現職時代を振り返りますと、税務調査について、

「税務知識は要らないので一生懸命調査先の話を聞くこと」
「税理士に口出しさせないよういろいろと指示をすること」

この2つを確実に行うよう指示されていました。

このため、今の税務調査のように、帳簿や資料を
見る時間など私の現職自体にはほとんど
なかったと思いますが、国税組織の現状として、

税務調査実務を知らない人間が
ゴマすりと縁故で出世する

こともあって、正しい税務調査スキルを
伝えていないのが現在の国税の状況なのでしょう。

特に驚かされるのは、

納品書などのサンプルを要求しないこと

です。

例えば、売上について検討する場合売上の数字は
何らかの根拠資料を基に計上しています。その
根拠資料が銀行の預金通帳なら、預金に
振り込まれる金額を取引先に通知するため、
請求書などの資料を作成するはずです。

請求書を作るということは、納品事実が必要で
納品書も作るでしょう。

このように、根拠資料を遡っていくと、会社の
ミスや不正が明らかになっていきます。
となった場合、根拠資料について具体的な
イメージを持つため、話を聞きながら、
会社で作っている資料をサンプルとして
提示してもらうと都合がいい訳で、このことは
税務調査の基礎中の基礎として、現職時代には
直属の上司から何回も指導を受けました。

しかし、近年は調査官からサンプルを要求される
ことはありません。

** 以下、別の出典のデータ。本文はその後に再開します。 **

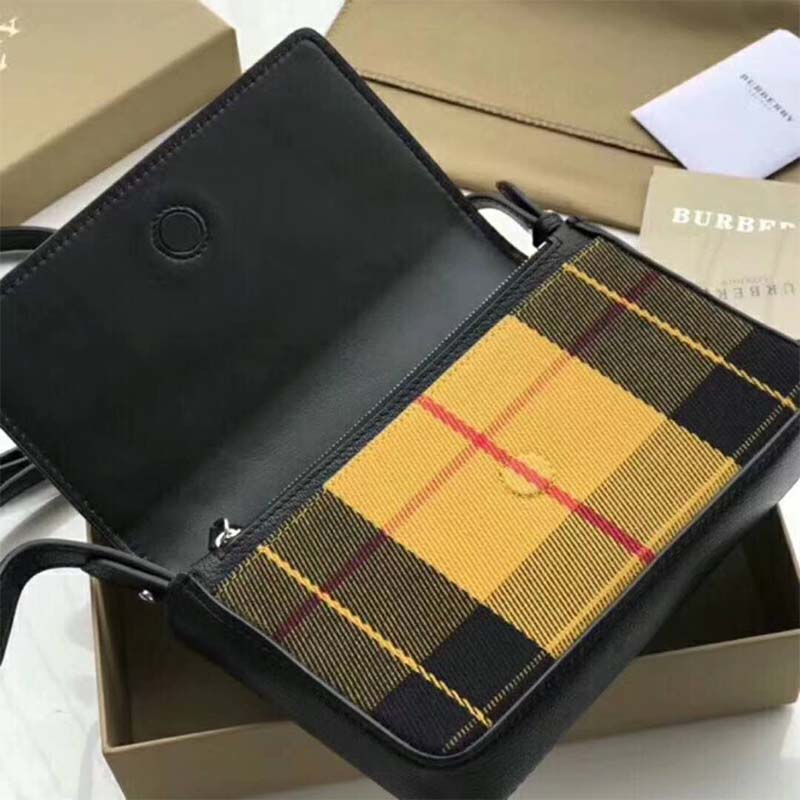 Burberry Women Vintage Check and Leather Wallet with Detachable Strap - image 5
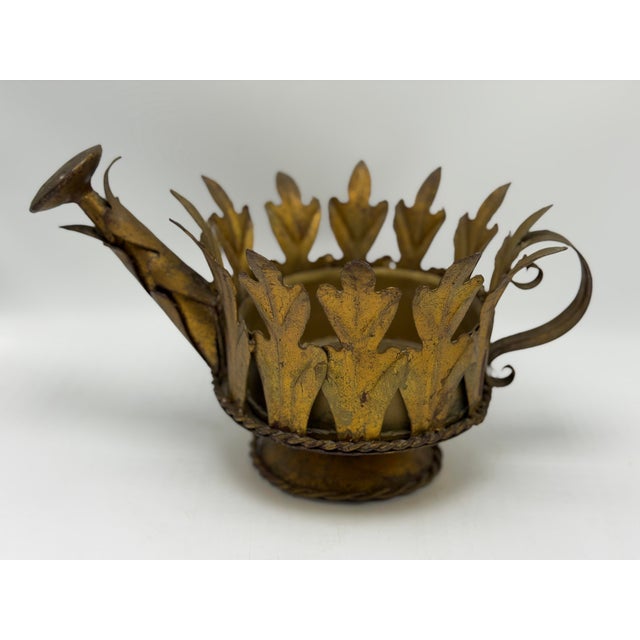Vintage Italian Tole Watering Can Cachepot For Sale - Image 4 of 10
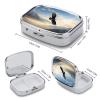 Eagle Mountains Pill Box 2 Compartment Portable Travel Pill Case with Mirror Square Metal Medicines Storage Container Pocket Medicine Box to Hold Vitamins Fish Oil view 2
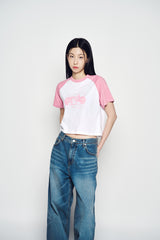 25SS SPACE RABBIT RAGLAN CROP SHORT SLEEVE T-SHIRT LIGHT PINK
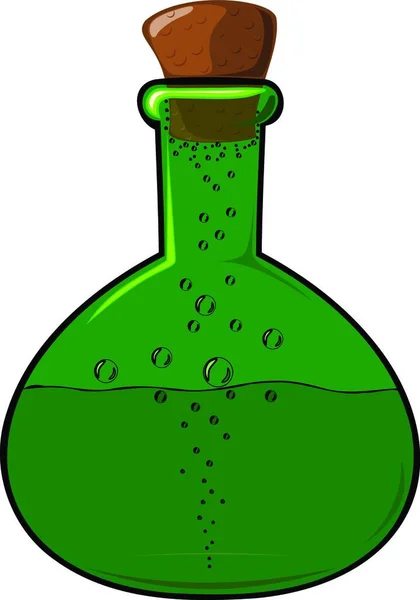 Botella Verde Con Corcho — Vector de stock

となると、そもそも拙い
調査官の知能では、会社の取引を十分に理解
できていないはずで、結果として見つけるべき
会社の不正取引などもその多くが見過ごされて
いると思われます。

現職時代には、

税務知識がないからこそ真摯に納税者の話を聞く

というスタンスの優秀な調査官が多かったですが、
度重なる国税の不祥事や税務調査手続き
法制化の影響などで、国税に対する批判が
高まっていることもあって、きちんと仕事を
しているという「体裁」を整えることだけに
フォーカスしているために、こんな不十分な
税務調査が行われると考えます。

このような問題提起をすると、国税が税務調査を
厳格化しようと考えて困るのではないか、と
いった見方をされる方もいらっしゃると思います。

しかし、国税の幹部職員は事なかれ主義なので、
現状に問題意識を持つことなどありません。
このため、今後もますます、ぬるま湯の
税務調査が増えると思いますので、
余裕をもって税務調査に対応しましょう。